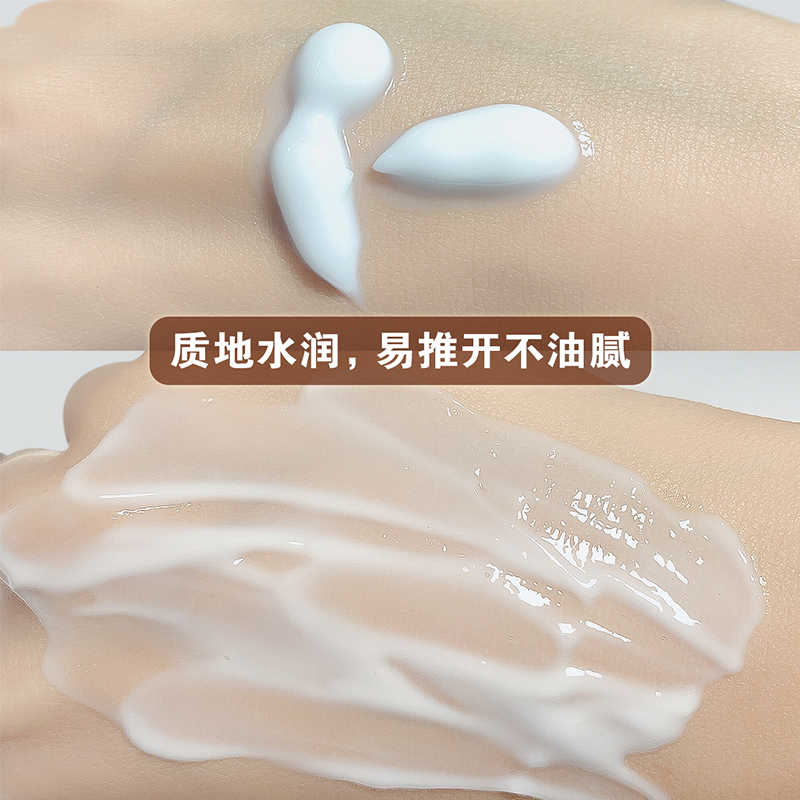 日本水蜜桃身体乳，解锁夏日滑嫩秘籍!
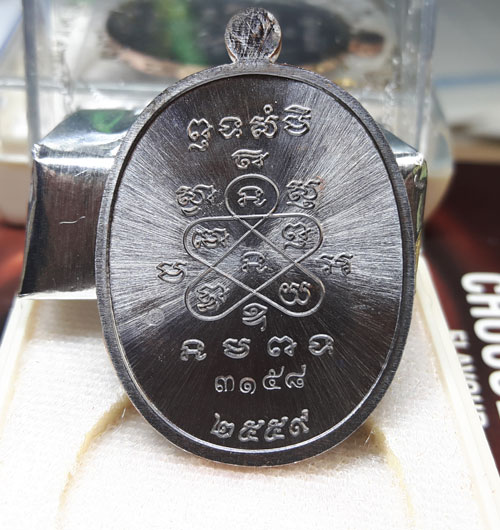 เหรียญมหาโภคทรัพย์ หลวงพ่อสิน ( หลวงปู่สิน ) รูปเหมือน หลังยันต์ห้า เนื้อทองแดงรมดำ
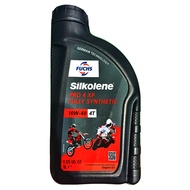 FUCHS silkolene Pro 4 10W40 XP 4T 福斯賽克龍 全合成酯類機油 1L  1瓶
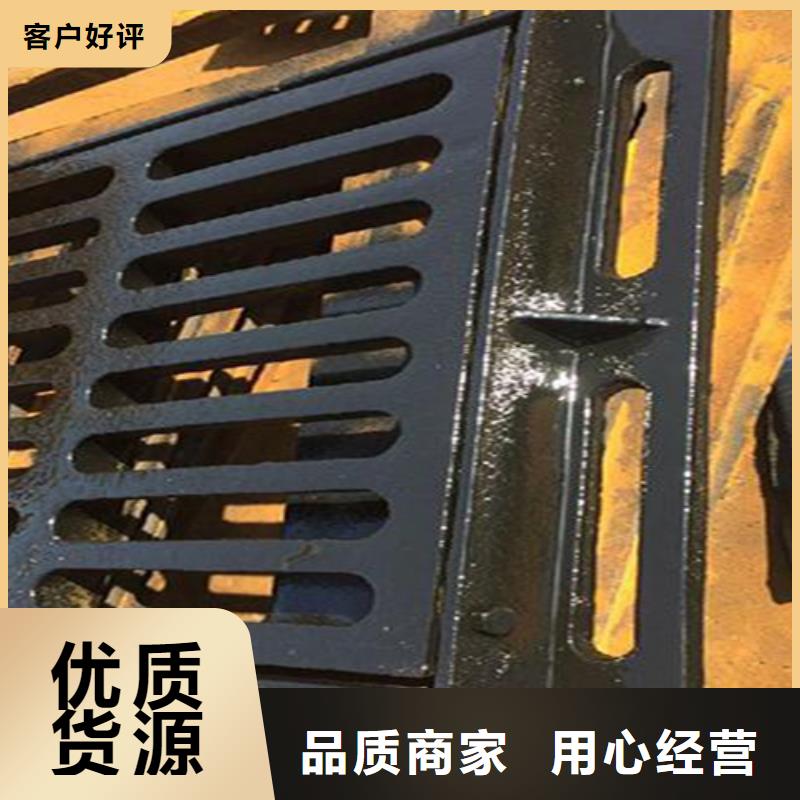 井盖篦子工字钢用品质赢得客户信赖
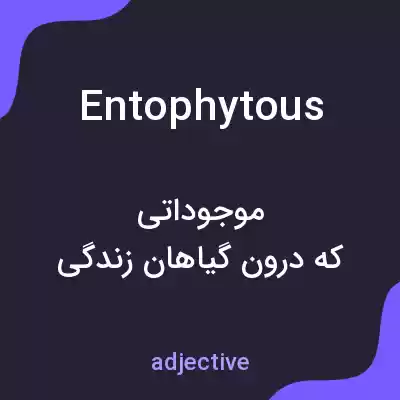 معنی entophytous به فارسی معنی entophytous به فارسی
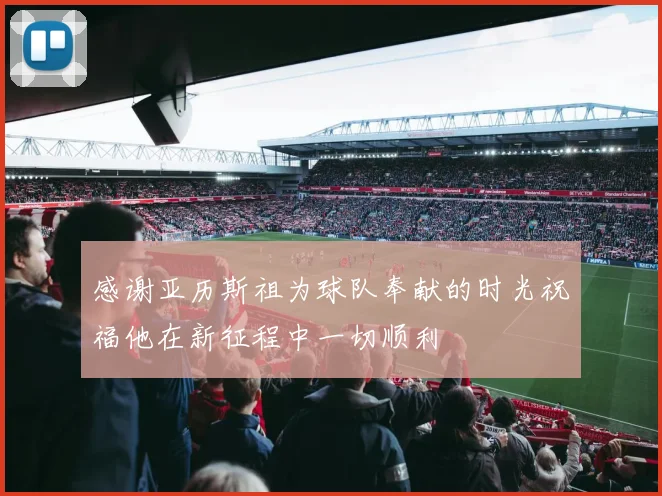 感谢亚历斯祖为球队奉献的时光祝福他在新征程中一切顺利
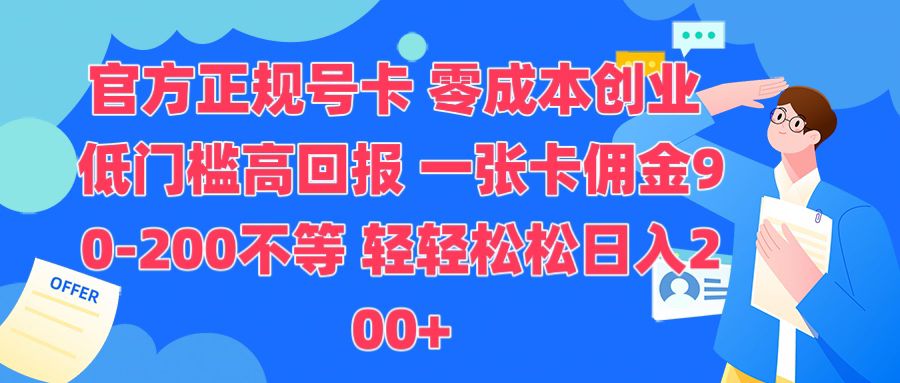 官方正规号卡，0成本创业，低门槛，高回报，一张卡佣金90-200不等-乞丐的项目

+++

**What the task requires**
Repeat exactly the lines above, from the line containing "เหรียญมหาโภคทรัพย์ หลวงพ่อสิน ( หลวงปู่สิน" through the last line of the records, inclusive; omit any pictures.

**Final answer**
 เหรียญมหาโภคทรัพย์ หลวงพ่อสิน ( หลวงปู่สิน ) รูปเหมือน หลังยันต์ห้า เนื้อทองแดงรมดำ
 FUCHS silkolene Pro 4 10W40 XP 4T 福斯賽克龍 全合成酯類機油 1L  1瓶
 井盖篦子工字钢用品质赢得客户信赖
 معنی entophytous به فارسی معنی entophytous به فارسی
 感谢亚历斯祖为球队奉献的时光祝福他在新征程中一切顺利
 官方正规号卡，0成本创业，低门槛，高回报，一张卡佣金90-200不等-乞丐的项目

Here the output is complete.